"I am a research scientist in a great field (new and sexy). I kind of stumbled my way into it and my current postdoc advisor hired me because of ancillary skills. I have been in science for around 12-13 years now with the Master's, Ph.D, and 3 postdocs... And I keep coming up against feeling like I am in the wrong profession. I am not publishing at the rate that I should and I find myself often extremely bored and attempting to avoid work. I think I hate lab work, which is new for me. I know I don't like teaching, though if I became faculty in a research university, my teaching load would be low. I am simply incredibly confused. So I started to research alternative careers and hit on patent attorney. More school, but only 3 years. Almost guaranteed job at the end. And then we got a grant funded that I am a co-PI on and, whammo, I feel like leaving would be a huge mistake. Except everything is in motion for me to leave, everyone knows, and my spouse has begun making plans around this new idea (which was good for him because of a million other reasons).

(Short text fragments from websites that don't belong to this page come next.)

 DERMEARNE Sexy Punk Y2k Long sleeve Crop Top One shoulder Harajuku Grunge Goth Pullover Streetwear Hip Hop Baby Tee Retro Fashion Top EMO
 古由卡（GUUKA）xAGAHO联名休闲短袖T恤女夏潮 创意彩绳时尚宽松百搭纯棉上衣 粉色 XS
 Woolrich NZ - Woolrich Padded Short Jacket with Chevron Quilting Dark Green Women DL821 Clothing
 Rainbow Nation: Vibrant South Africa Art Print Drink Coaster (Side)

It's not what you think, I am not asking you to tell me what to do. But I would love to hear your perspective on this, when you have a moment. "

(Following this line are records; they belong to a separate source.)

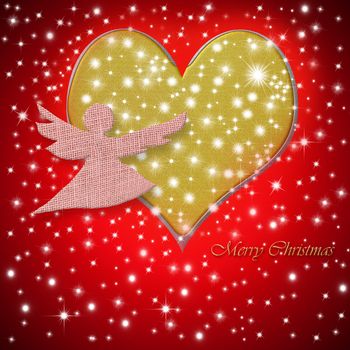 Merry Christmas greeting card ,heart and angel in starry red background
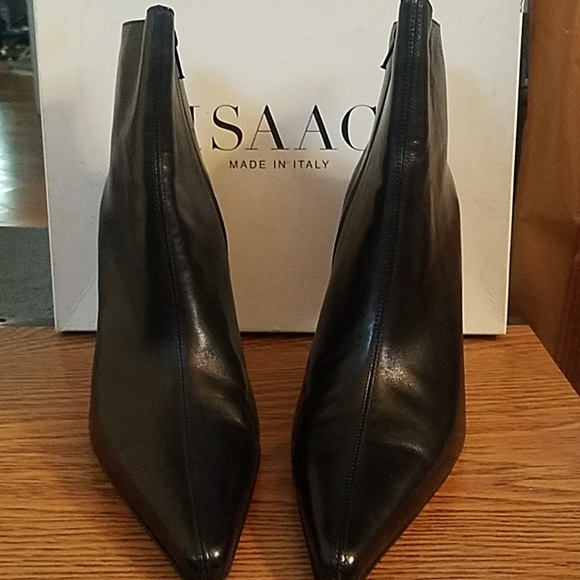 ISAAC pointy toe black ankle boots - Picture 1 of 4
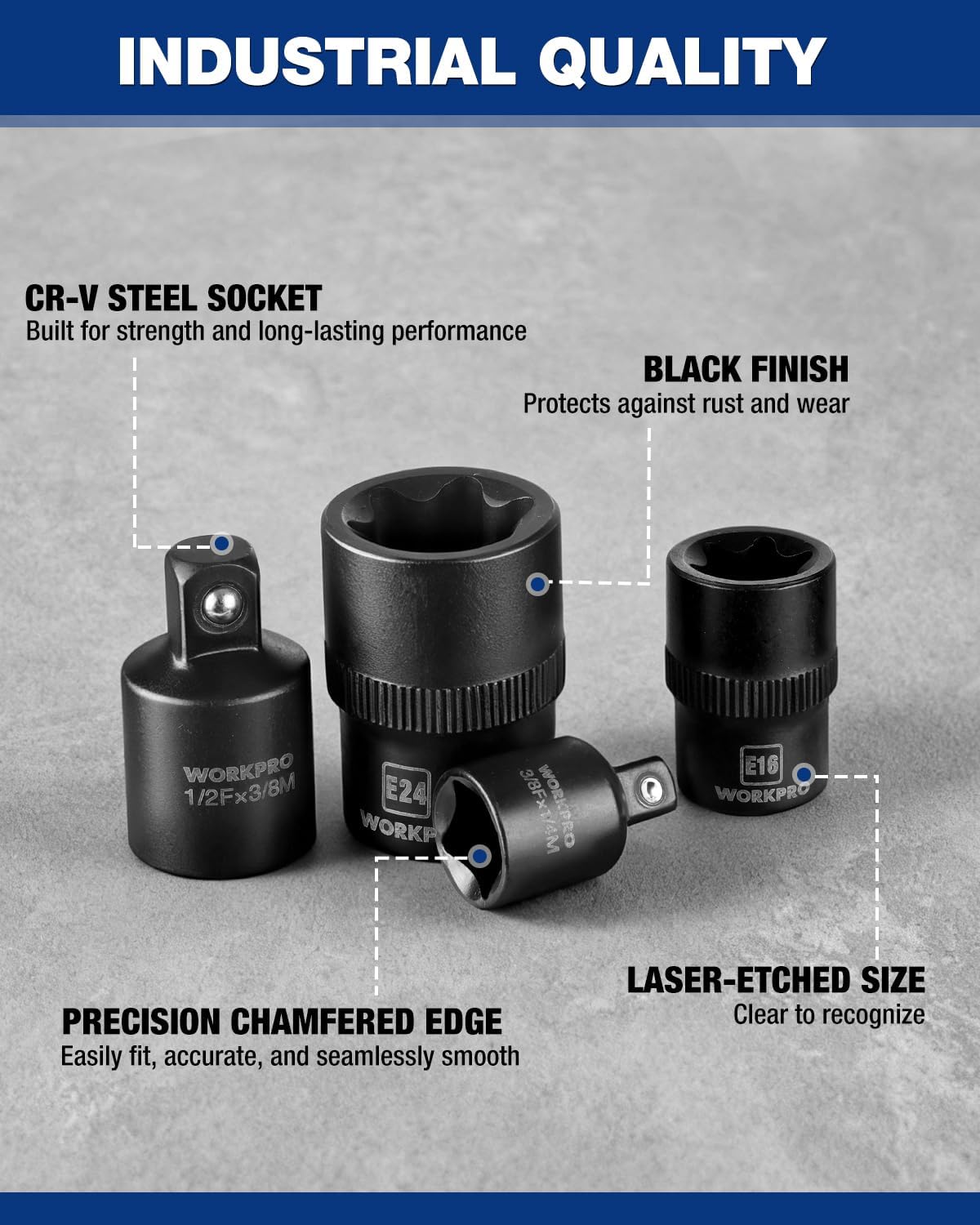 CR-V steel E-Torx sockets with black finish, chamfered edge and etched size markings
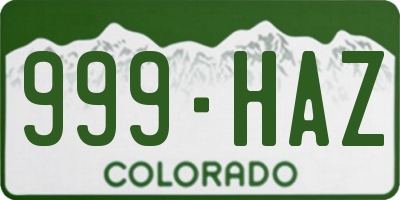 CO license plate 999HAZ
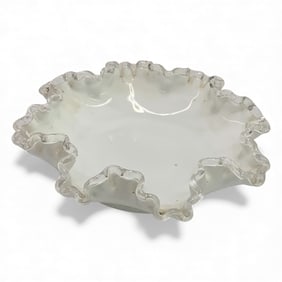 Fenton Silver Crest Milk Glass Bowl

If you don't think you'll be happy staying in research and you don't want to teach, then you should definitely leave. Why put yourself through all the rigors of an academic or scientific career if it's not what you want to do? There's plenty of masochists who will happily snap up any job you leave open. (Are you in my field? I'm on the market!)
At the same time though, before you leave, make sure that patent law is *really* what you want to be doing. Imagine 5 years from now if you realize that it isn't...you would probably have some major regrets. I would recommend investigating carefully your chosen path. In particular, I believe there are ways for people with Ph.D.s to be involved in patent law without having to get a law degree. That might be a great way to switch fields without committing to more school. Can you find some scientists turned patent lawyers and see what strategies they used to move fields? I think the book, Put Your Science to Work: The Take-Charge Career Guide for Scientists by Peter Fiske has an example of a PhD who moved to intellectual property law.
I absolutely would not let getting a major grant stand in your way. (But congratulations on getting it!) If you want to switch careers, leaving it behind won't hurt you. And, in all likelihood, your co-PIs will be able to carry on without you (by recruiting another post-doc?), so the science will get done.
Whatever you decide, it sounds like you've got the talent to succeed. Keep us posted.
To my readers: What do you think? I told the letter writer that you are all way more brilliant, insightful, and knowledgable than I. Can you help this person out?